Working data -
----

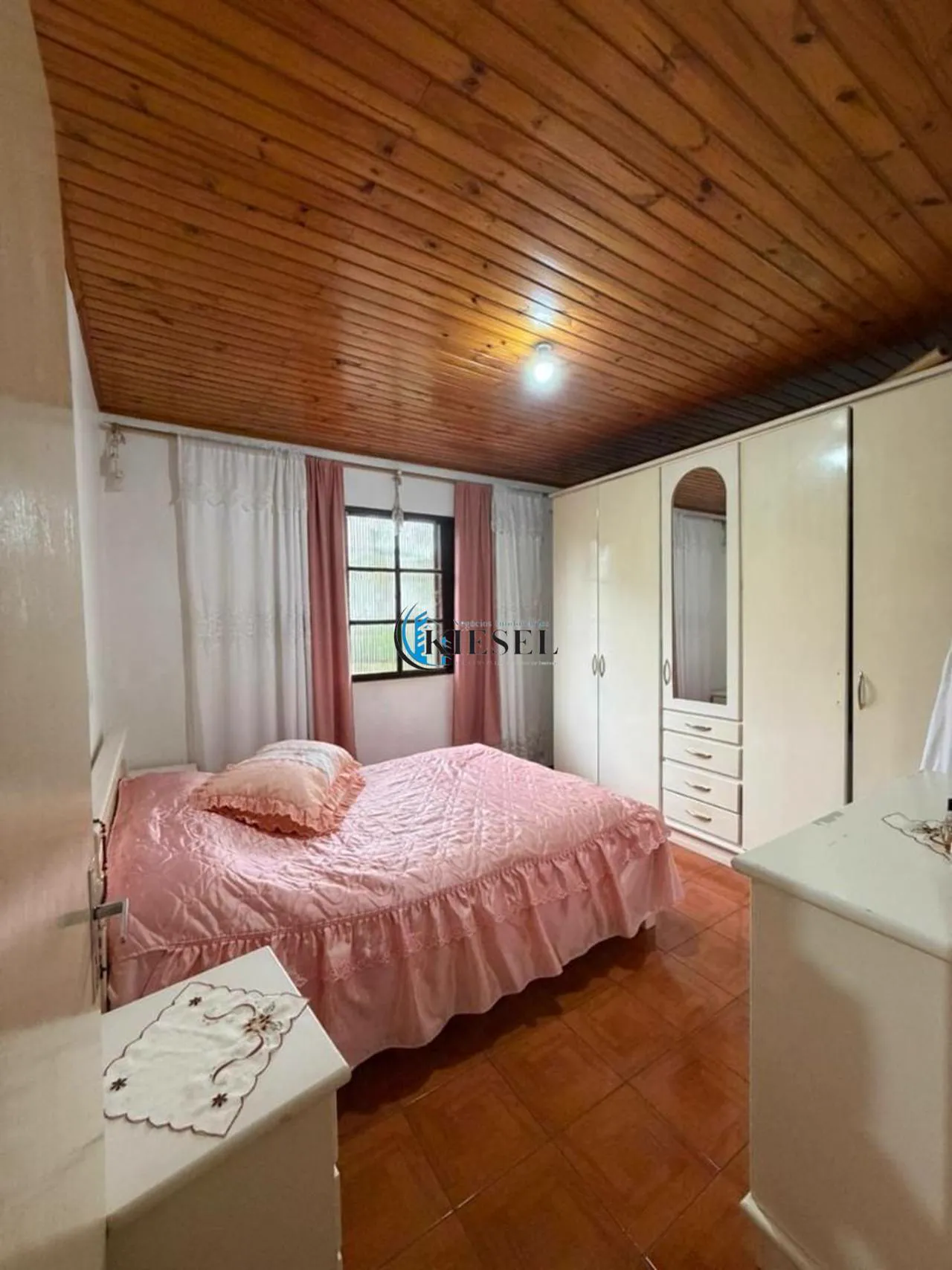 Casa com 3 quartos, 110 m², foto 7 de 13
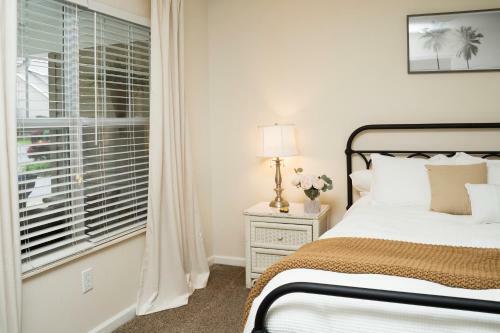 Luxe Quiet Townhouse W/parking/pool/by Dollywood
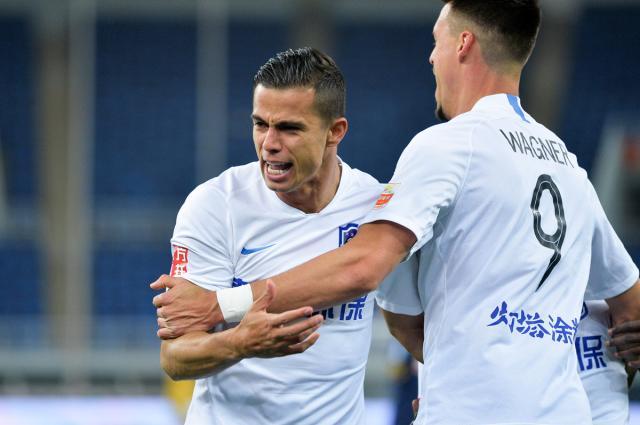 天津泰达队员合力进攻取得胜利晋级 天津泰达队员合力进攻取得胜利晋级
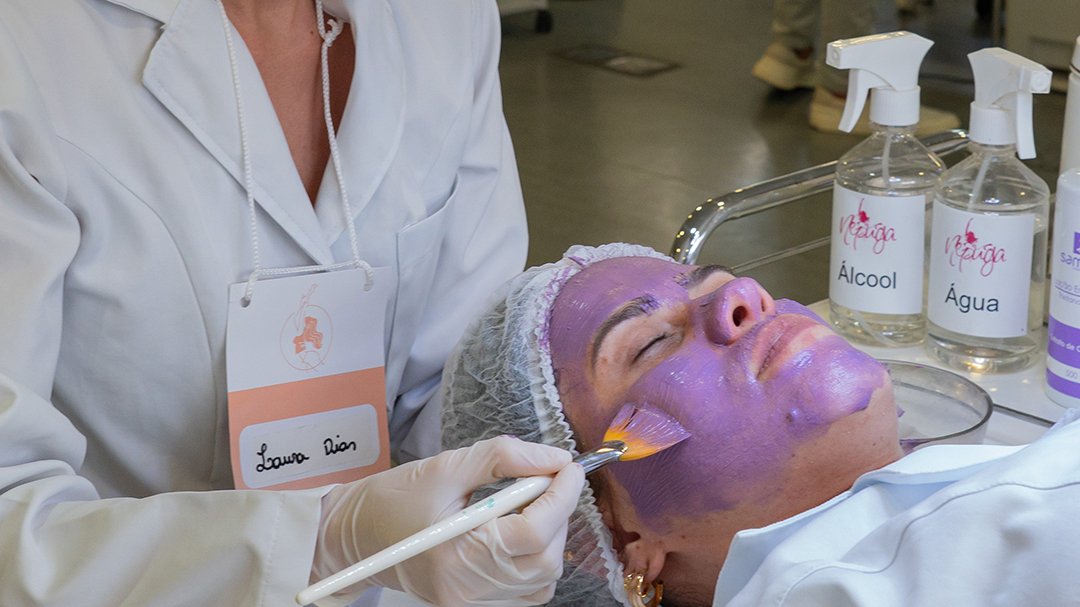 Prontuário em papel ou digital na Biomedicina Estética? Descubra as vantagens e desvantagens de cada modelo e saiba como escolher a melhor opção para garantir segurança, organização e uma gestão eficiente da sua clínica.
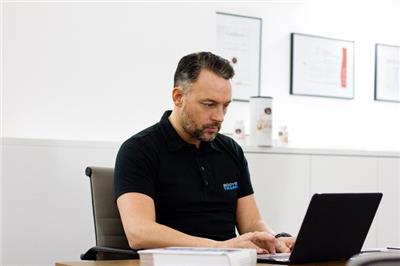 BODY TRAINING STUDIO PORTRAIT DANIEL CAMUS 2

----

What to work on - Exact repetition of all the records is required, with the pictures excluded.

Your solution -
 Casa com 3 quartos, 110 m², foto 7 de 13
 Luxe Quiet Townhouse W/parking/pool/by Dollywood
 天津泰达队员合力进攻取得胜利晋级 天津泰达队员合力进攻取得胜利晋级
 Prontuário em papel ou digital na Biomedicina Estética? Descubra as vantagens e desvantagens de cada modelo e saiba como escolher a melhor opção para garantir segurança, organização e uma gestão eficiente da sua clínica.
 BODY TRAINING STUDIO PORTRAIT DANIEL CAMUS 2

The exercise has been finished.